Tayal SPA, a subsidy of one of the rooted companies of Turkish textile industry, signed a giant investment in Algeria. Established as a joint venture of Turkey and Algeria, the company is set to own the largest textile manufacturing plant of Europe and East Mediterranean via building Industrial Estate of Textiles at Sdi Khettap industrial area located at Relizane, Algeria. This plant will be built on 250 hectares and is very important for Algeria’s economy as it imports more than 90% of its textile needs.
Expected to significantly contribute to Algerian economy, the plant had the groundbreaking with participation of executives including Algeria Industry and Mine Minister Abdeslam Bouchouareb and Tay Group CEO Mesut Toprak. Speaking during the ceremony, Mesut Toprak said the investment will be a reference point in Algeria.
Toprak said that they are aiming to provide dynamism for textile and ready-wear industry again and opening to foreign markets. The 10 years project will be held in 3 main phases, while the first phase will be formed by 8 units in textile industrial estate to be completed by end 2018. “The first phase will employ 10.000 people and gradually 25.000 people in total during 10 years,” Toprak said, adding that Tayal SPA will operate at global standards.
Regarding the 6 main goal of the project, Mesut Toprak explained, “The project aims to create maximum added value in textiles, provide economic variety and boost textile’s share in national development, reduce currency flow to foreign markets given imports, boost exports of industrial products, offer transfer of technology and know-how in textile industry, promoting “Made in Algeria” label in Europe and other countries via global standard production.”
Once the first phase of the investment starts up, the plant aims to manufacture 30 million meters of denim fabric; 15 million meters of gabardine and shirt fabric, 5000 tons of knit fabric; 4-30 million units of clothes per year. Currently, Algeria imports around 90% of its textile needs, while the country will obtain USD300 million profit via the project. Once the 10 years project is completed, this contribution is expected to reach USD1 billion. Meanwhile, the new facility will supply 40% of its output to domestic market while exporting the rest.

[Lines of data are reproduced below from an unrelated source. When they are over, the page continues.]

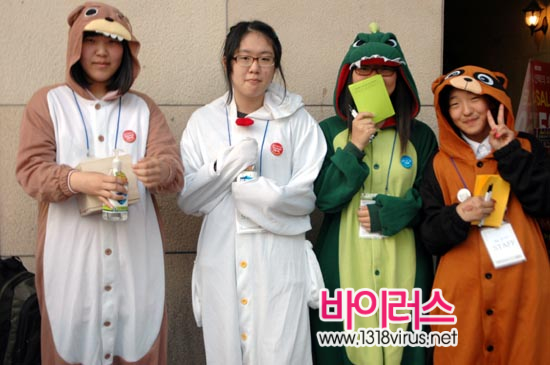 신종플루 예방 손소독제를 나누어 준 기획단 친구들  ⓒ 인터넷뉴스 바이러스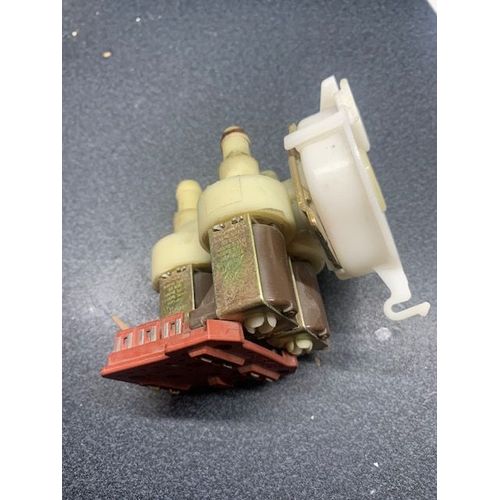 Electrovanne 3 voies 90° B25p524 Piece d'origine pour lave linge - 1881620, 1678012 Avec circuit imprime Lave-linge MIELE
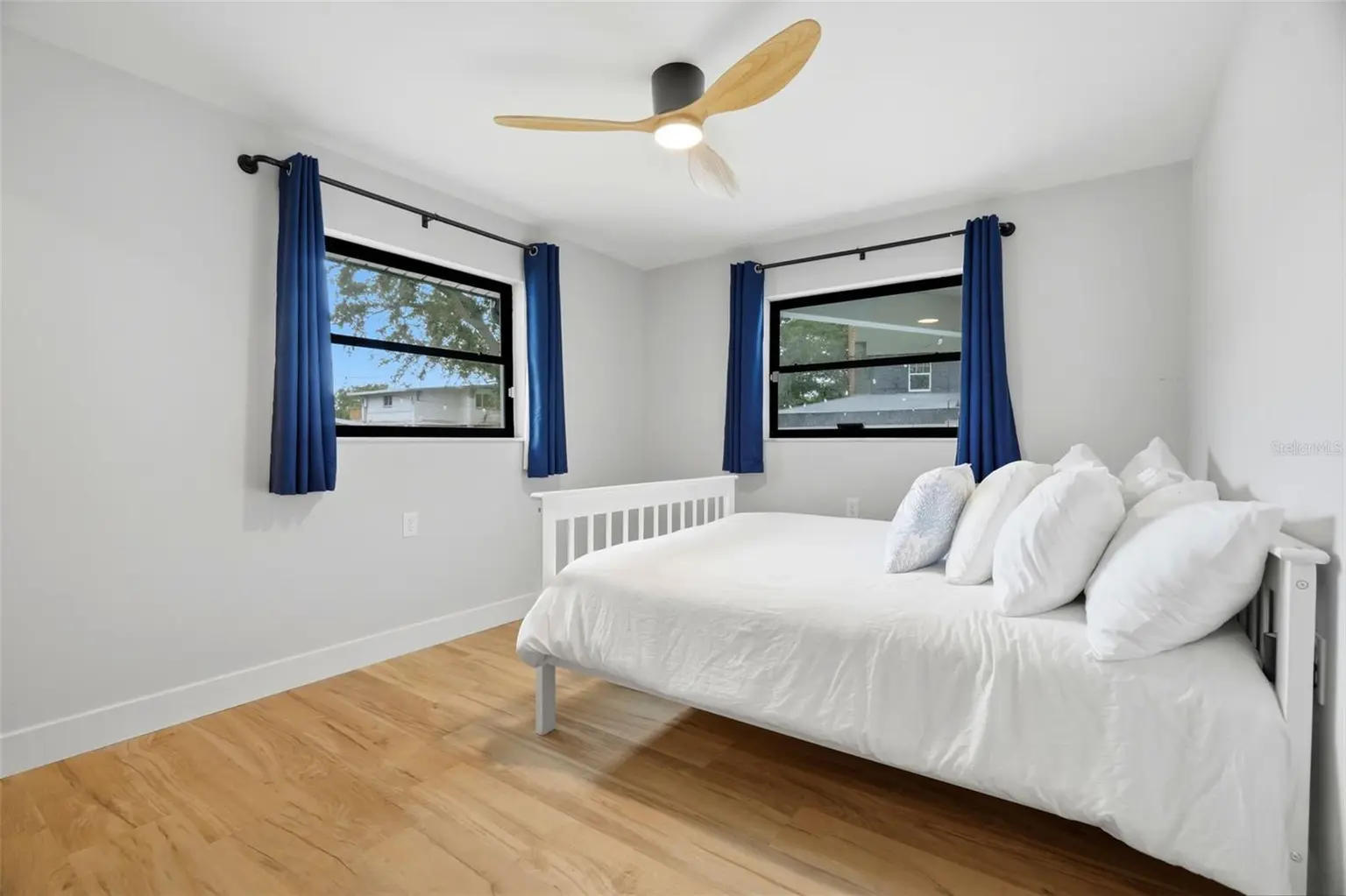 330 PATICA RD NE, ST PETERSBURG, FL, photo 23 of 45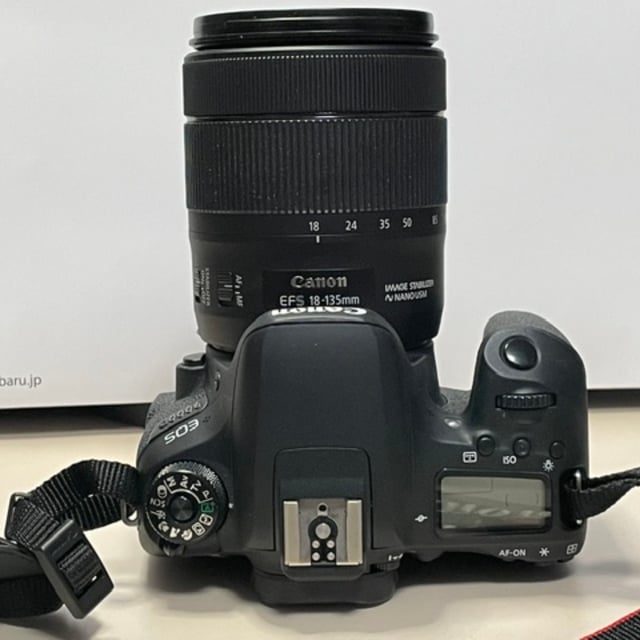 EOS 9000D EF-S18-135 IS USM レンズキット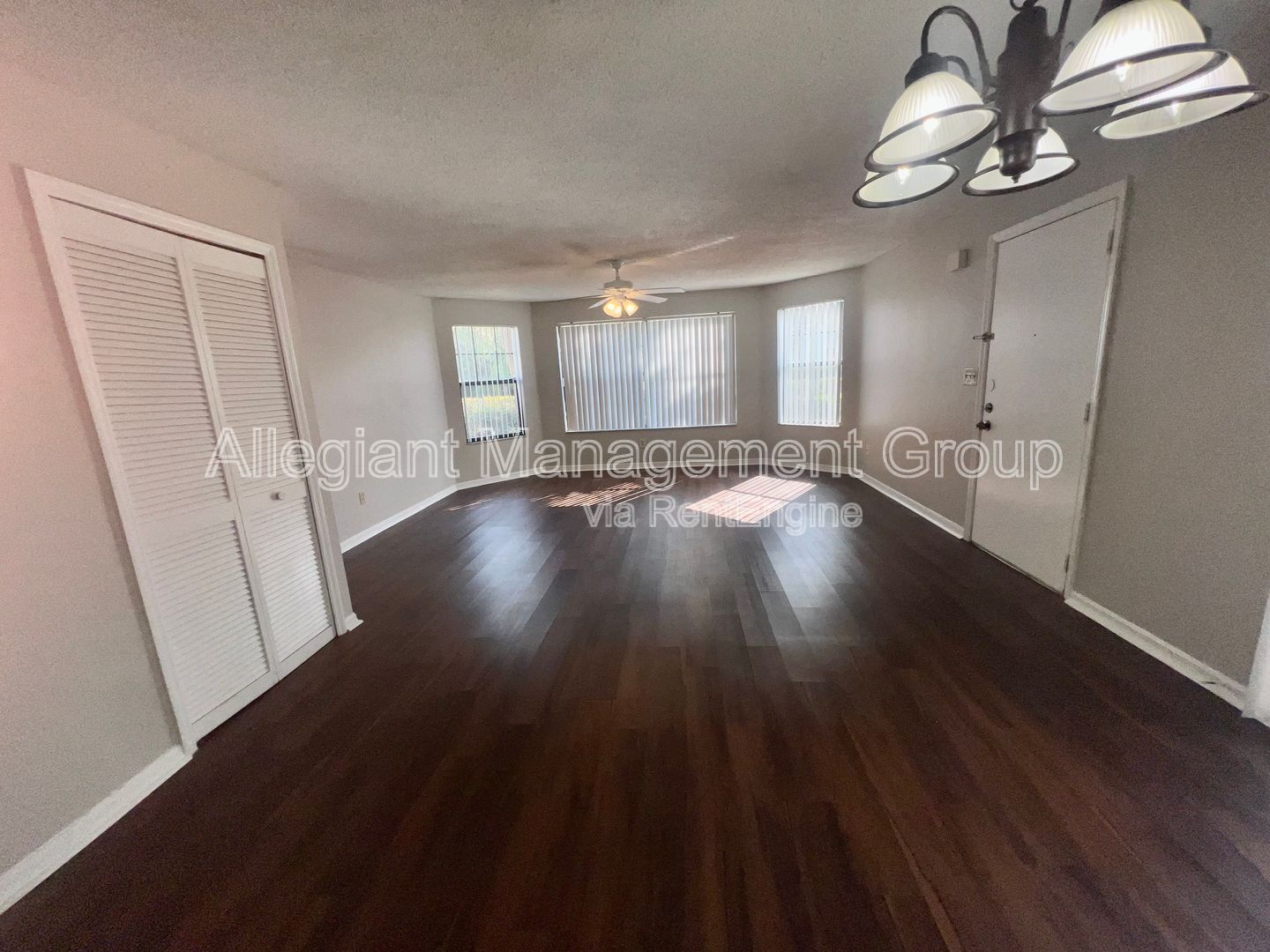 Three Bedroom Two Bathroom Condo For Rent in Kissimmee at Villas at Shadow Bay For Rent! property image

To be constructed on 250 hectares and a closed area of 330.000 meter square; the plant will have eco-friendly green technology features. Mesut Toprak reported planning to start up the production by end 2016, and continued; “This project aims to form a showcase in terms of development of the country’s textile industry. We thank to Algerian Government and foundations for their support. We wish to promote Algerian brand on a global scale and market Algerian products; with the theme “Made in Algeria” to the world.”
Tay Group; Algeria’s Exports to Global Market Will Increase
TAY Group currently carries out productions for famous brands including Levi’s, Tommy Hilfiger, M&S, Zara and Lacoste at plants located in Turkey and Egypt and exports around 20 million goods annually. Exports are expected to be done to famous brands from the new textile estate park in Algeria.